Content starts

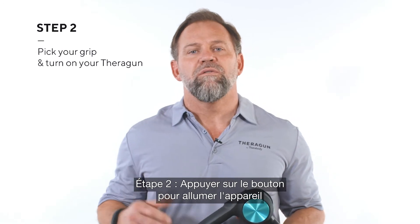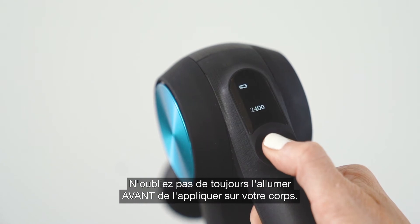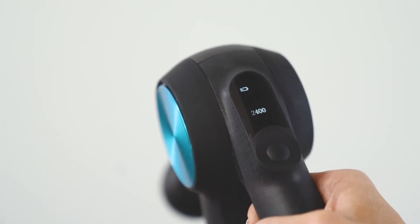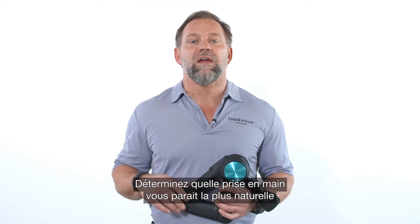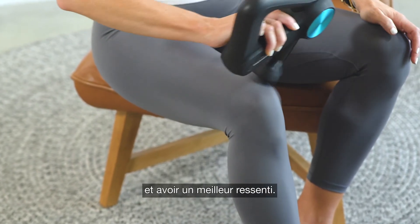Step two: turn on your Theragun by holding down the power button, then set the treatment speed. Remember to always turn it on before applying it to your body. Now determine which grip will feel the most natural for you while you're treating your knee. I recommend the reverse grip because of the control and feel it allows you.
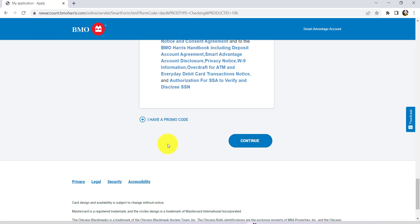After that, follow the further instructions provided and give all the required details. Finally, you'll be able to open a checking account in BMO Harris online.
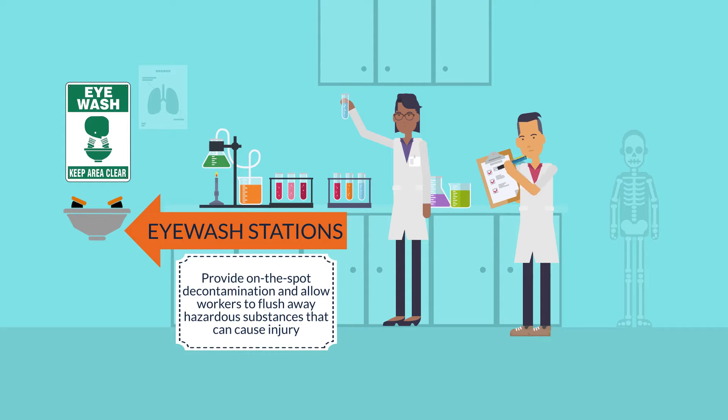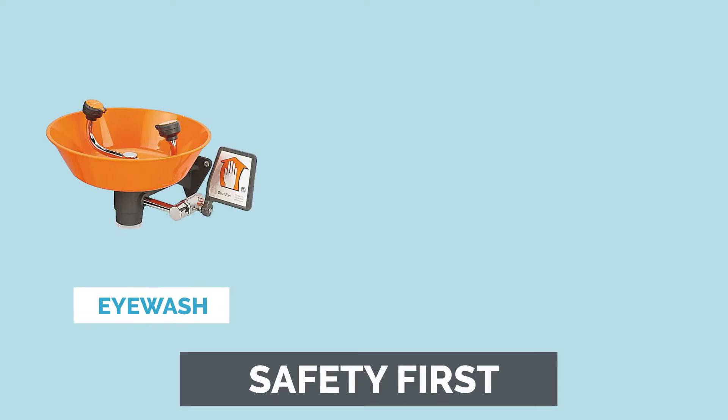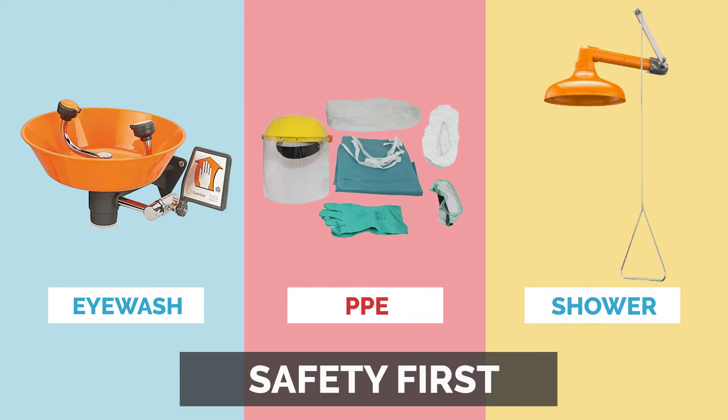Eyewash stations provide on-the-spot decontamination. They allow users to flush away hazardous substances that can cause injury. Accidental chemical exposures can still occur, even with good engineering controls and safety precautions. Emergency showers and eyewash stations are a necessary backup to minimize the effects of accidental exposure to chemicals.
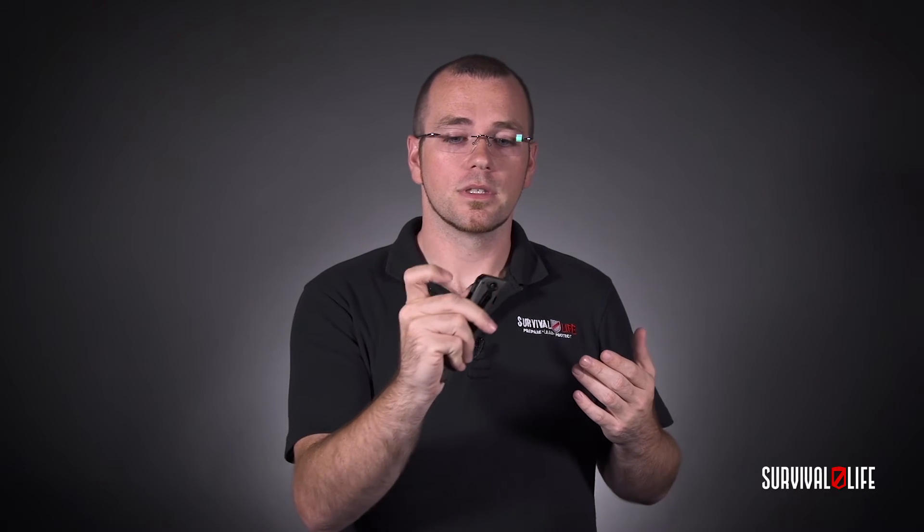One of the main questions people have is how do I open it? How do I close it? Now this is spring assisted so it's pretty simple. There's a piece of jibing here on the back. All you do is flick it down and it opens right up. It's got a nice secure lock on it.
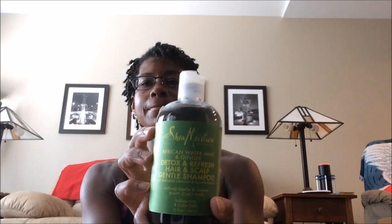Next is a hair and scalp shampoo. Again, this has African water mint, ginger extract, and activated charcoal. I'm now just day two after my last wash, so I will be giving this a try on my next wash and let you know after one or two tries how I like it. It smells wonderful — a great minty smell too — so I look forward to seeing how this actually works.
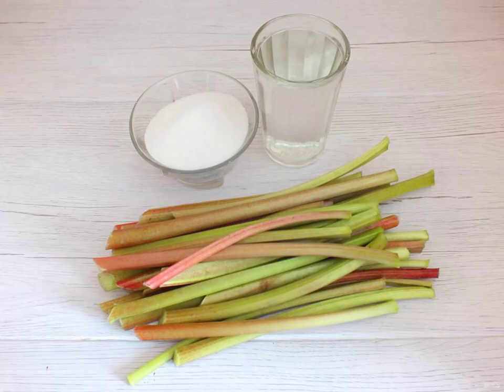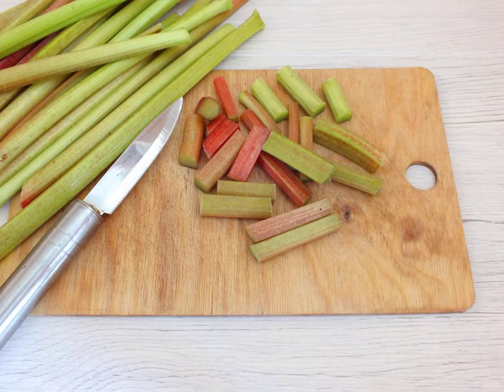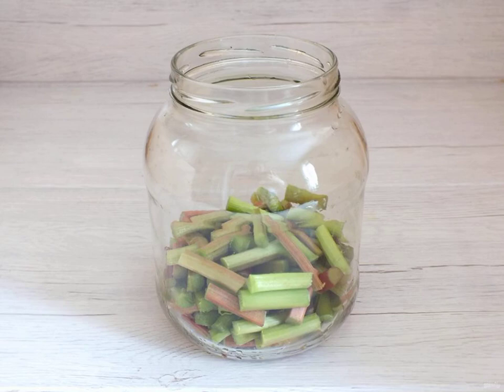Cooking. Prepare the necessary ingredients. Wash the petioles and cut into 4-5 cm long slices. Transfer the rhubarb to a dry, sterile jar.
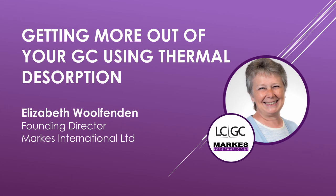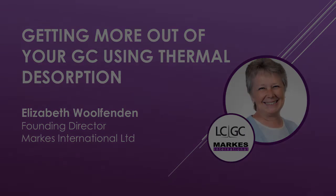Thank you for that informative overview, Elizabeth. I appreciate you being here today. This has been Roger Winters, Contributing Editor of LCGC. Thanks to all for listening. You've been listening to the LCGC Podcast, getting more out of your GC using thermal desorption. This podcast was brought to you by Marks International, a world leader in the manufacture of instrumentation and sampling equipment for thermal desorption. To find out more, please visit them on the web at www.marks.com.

Content ends
Content starts

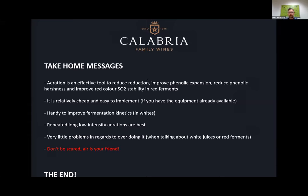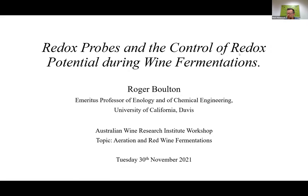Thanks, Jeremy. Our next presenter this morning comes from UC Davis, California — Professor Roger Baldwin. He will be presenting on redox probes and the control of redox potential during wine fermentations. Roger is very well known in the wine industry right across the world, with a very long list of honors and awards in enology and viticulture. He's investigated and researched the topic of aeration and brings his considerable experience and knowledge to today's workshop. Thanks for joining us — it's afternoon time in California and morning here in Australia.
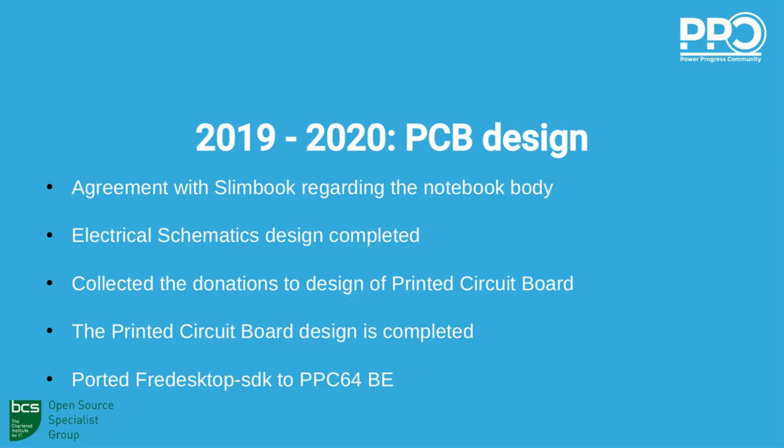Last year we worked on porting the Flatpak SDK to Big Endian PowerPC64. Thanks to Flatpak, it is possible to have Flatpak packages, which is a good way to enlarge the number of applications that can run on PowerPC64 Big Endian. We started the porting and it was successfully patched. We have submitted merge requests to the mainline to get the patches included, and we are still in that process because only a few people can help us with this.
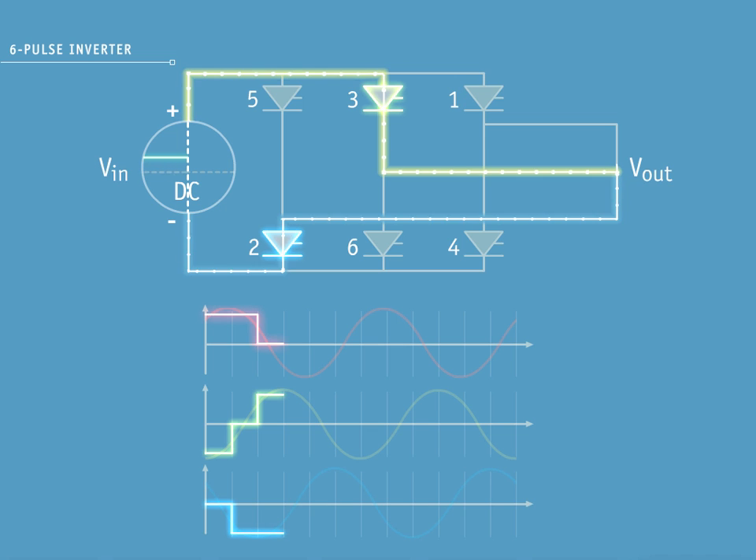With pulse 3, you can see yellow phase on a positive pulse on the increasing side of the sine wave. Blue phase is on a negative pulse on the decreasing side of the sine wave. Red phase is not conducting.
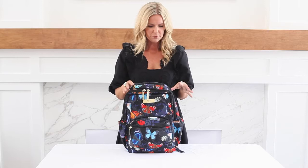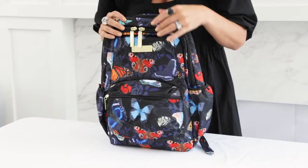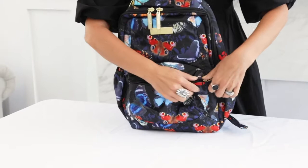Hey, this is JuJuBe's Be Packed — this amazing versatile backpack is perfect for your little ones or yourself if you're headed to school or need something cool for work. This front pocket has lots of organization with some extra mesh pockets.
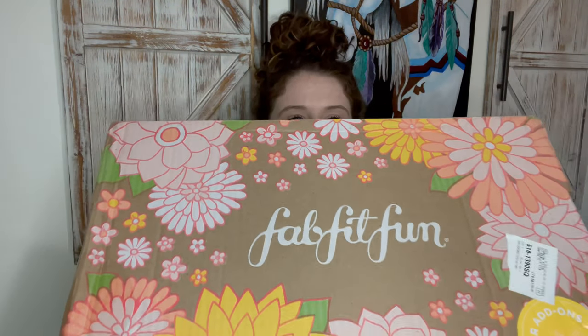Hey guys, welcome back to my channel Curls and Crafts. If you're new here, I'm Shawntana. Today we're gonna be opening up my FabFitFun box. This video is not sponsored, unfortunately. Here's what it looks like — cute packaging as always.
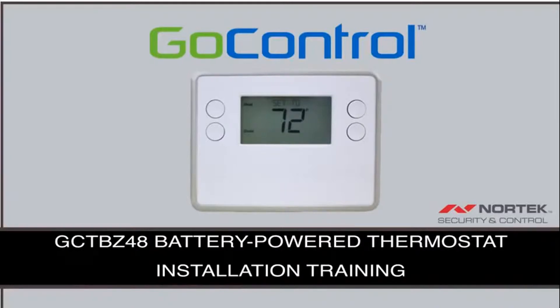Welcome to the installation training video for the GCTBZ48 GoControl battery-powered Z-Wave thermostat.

Content ends

_TASK DESCRIPTION_. Each line from the one that contains "Cooking. Prepare the" down to the one that contains "Thank you for" is to be returned exactly as it stands above, both ends included, with pictures removed.

_RESPONSE BOX_.
Cooking. Prepare the necessary ingredients. Wash the petioles and cut into 4-5 cm long slices. Transfer the rhubarb to a dry, sterile jar.
Thank you for that informative overview, Elizabeth. I appreciate you being here today. This has been Roger Winters, Contributing Editor of LCGC. Thanks to all for listening. You've been listening to the LCGC Podcast, getting more out of your GC using thermal desorption. This podcast was brought to you by Marks International, a world leader in the manufacture of instrumentation and sampling equipment for thermal desorption. To find out more, please visit them on the web at www.marks.com.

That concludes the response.